Zinfandel is the quintessential California grape, although (like me) its origins in the U.S. can be traced back to New England of all places. Before that it was cultivated in Italy, where it is known as Primitivo. Unlike me, the grape vines arrived in California in the 1800’s, where it was prized for its deep purple color and high yields, which helped propel it to become the favored alcoholic beverage in the gold rush years.

I think the reason that Zinfandel pairs so well with barbecue is that it mimics some of the same flavors (sweetness and spice) and complements others.  It also helps that “Zin” is a relatively simple wine.  A more structured, tannic and layered wine might not quite “work” with the relatively simple cuisine of American BBQ.

These two wines share the same grape variety and retail price point, and both are designated as Old Vine Zinfandel, but the similarities end there. They are most notably from different vintages (not terribly significant, especially in California where most vintages don’t deviate much) and different appellations.  That last point of difference is a significant one.

Sonoma County is not only known as being one of the preeminent fine wine producing regions in California, it is also known as perhaps THE best area for Zinfandel in the U.S. It is here that the grape achieves its full potential, and you can taste it with the Kirkland Signature (KS) rendition.  In a word, the Sonoma Zin is more elegant. It is a bit more restrained, and a tad more stylish, with a  bouquet and flavors of blackberry, cassis and chocolate.  The time spent in oak casks adds notes of vanilla and spice.  It has a nice bright acidity which will help refresh your palate when you are on your second helping of BBQ chicken, ribs, steak or all of the above!

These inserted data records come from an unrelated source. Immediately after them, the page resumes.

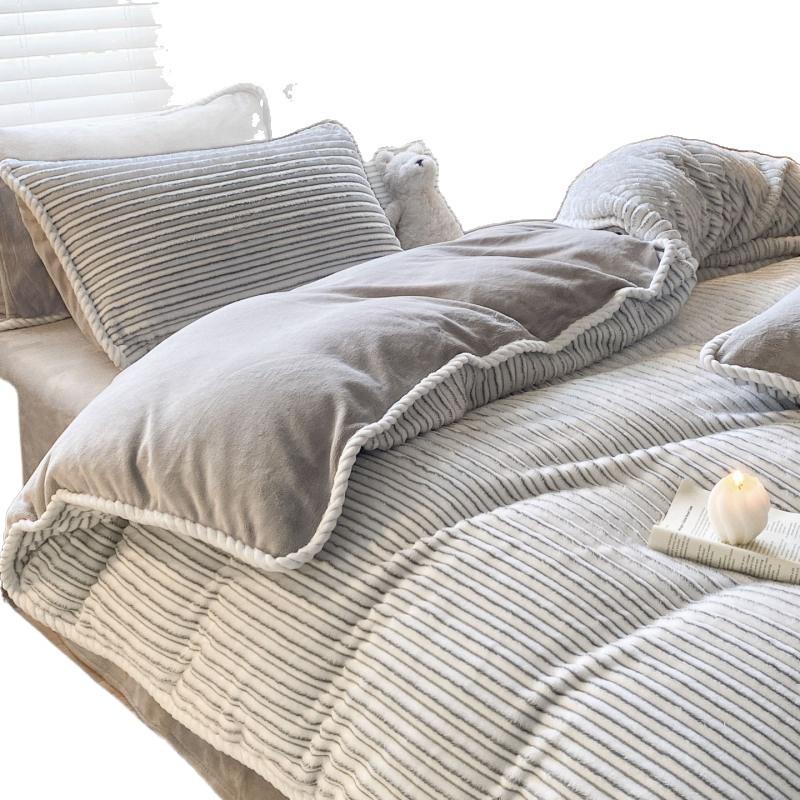 Jacquard Hemming Thickened Milk Fleece Four-Piece Set Double-Sided Fleece Quilt Cover Dormitory Three-Piece Set Bedding
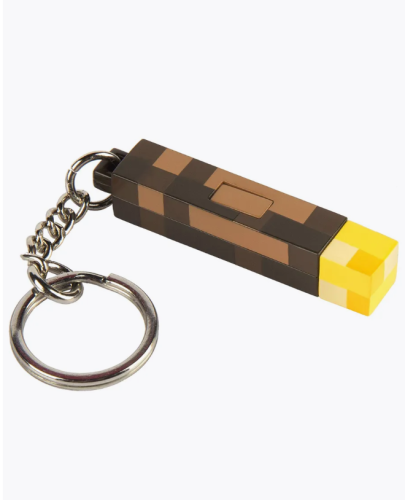 Брелок Майнкрафт Факел с подсветкой (Minecraft)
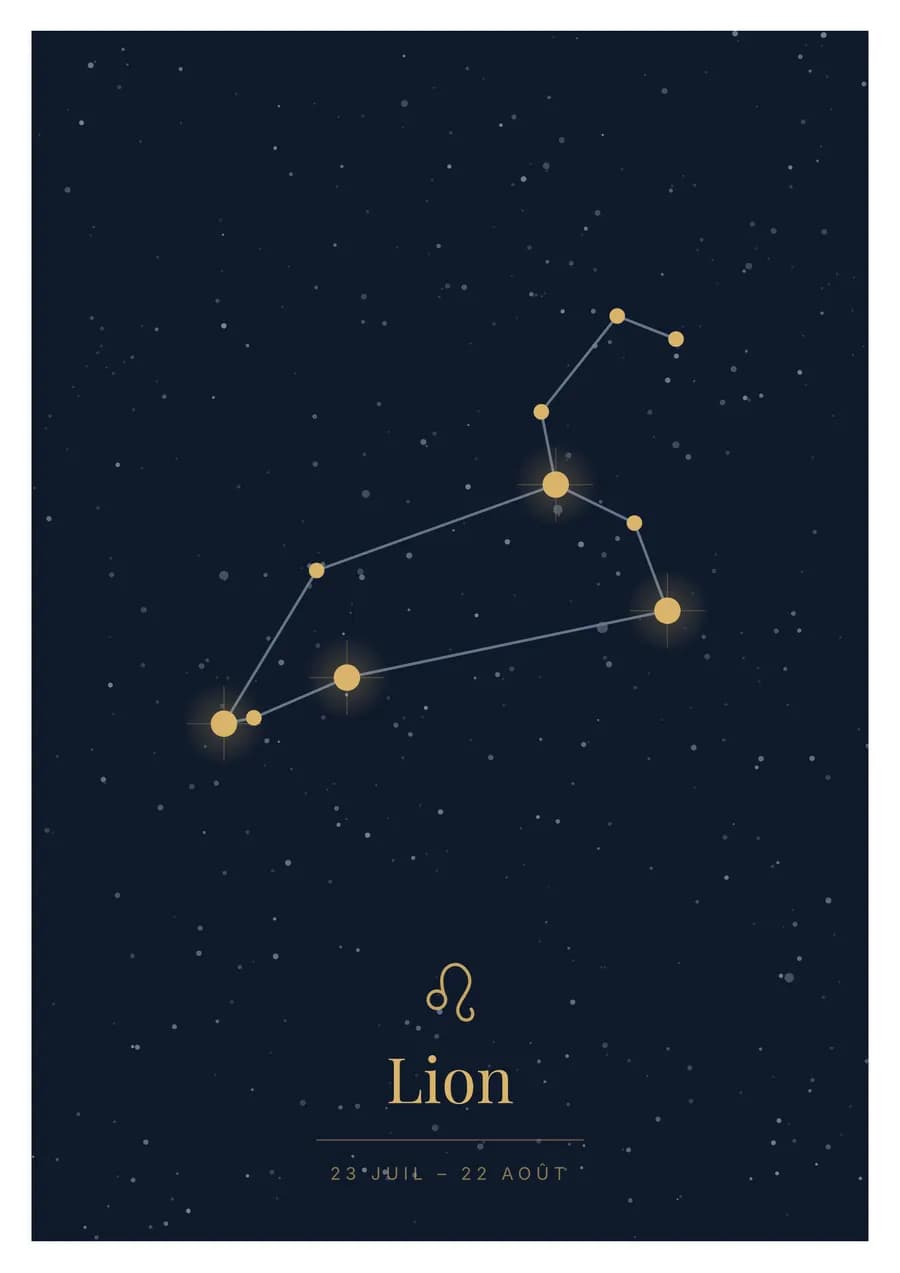 Laiton sur bleu de nuit, le Lion pleine feuille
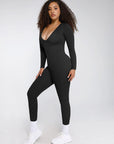 Deep-V Long-Sleeve Seamless Sculpting Jumpsuit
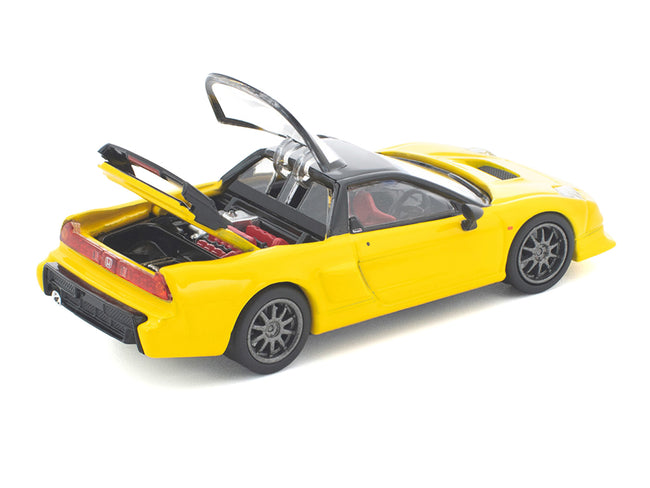 Honda NSX-R RHD (Right Hand Drive) Custom Yellow with Black Top 1/64 Diecast Model Car by Pop Race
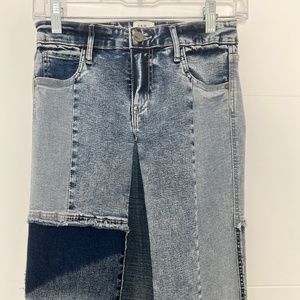 WASHLAB Denim Mix Blue Patchwork Straight Pencil Skirt Work Casual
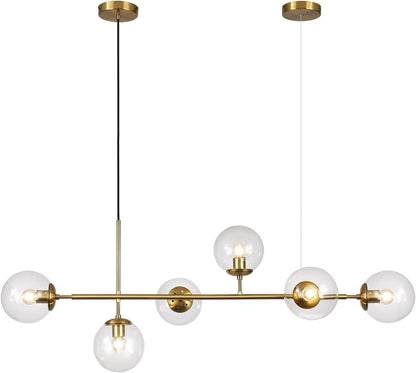 KCO Lighting 6-Light Smoke Glass Sputnik Chandelier Brass Gold Linear Pendant Lighting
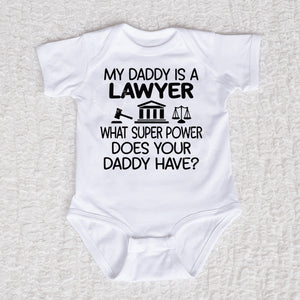 Daddy Lawyer Short Sleeve White Bodysuit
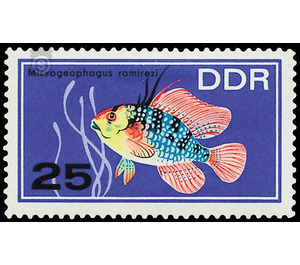 ornamental fish  - Germany / German Democratic Republic 1966 - 25 Pfennig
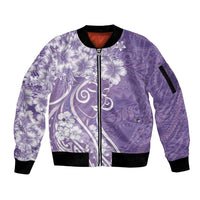 Polynesian Women's Day Sleeve Zip Bomber Jacket Purple Hibiscus Flowers With Polynesian Pattern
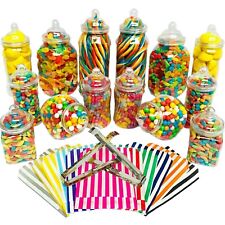 14 Plastic Sweet Jars, 7 styles, 2 tongs, 50 bags for Truly Sweet Candy Buffet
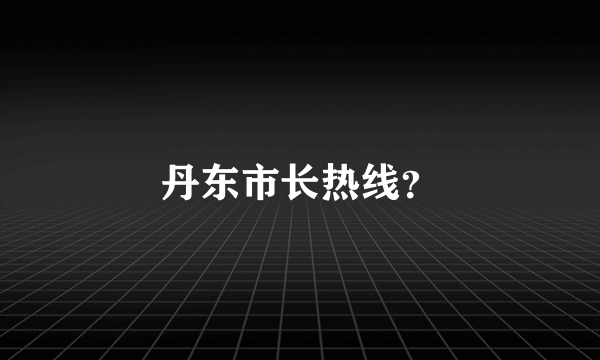 丹东市长热线？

Lodi (in California’s Central Valley) is also well-known as an important appellation for Zinfandel.  Heck, there are over 12,000 acres of it cultivated there, much of it earmarked for “White Zin” which bears no resemblance to dryer and less sweet “Red Zin.”  But unlike Sonoma, the Lodi region is seen as more of a “workhorse” appellation where the soils are more fertile and the yields are typically higher. The resulting wines tend to be more fleshy, plummy and ripe. Trader Joe’s OZV (shorthand for Old Zinfandel Vines) reflects this reputation – it tastes of raspberry jam with milk chocolate and mocha flavors. It has none of the elegance of its cousin from Sonoma, but would make a nice red sangria. (We’ll cover that in a future summer-themed post, I promise!)

So I think you can tell which wine we favored. For the price, the 2105 KS Sonoma County Old Vine Zinfandel is pretty hard to beat.  Try it with your next barbecue, and let us know what you think!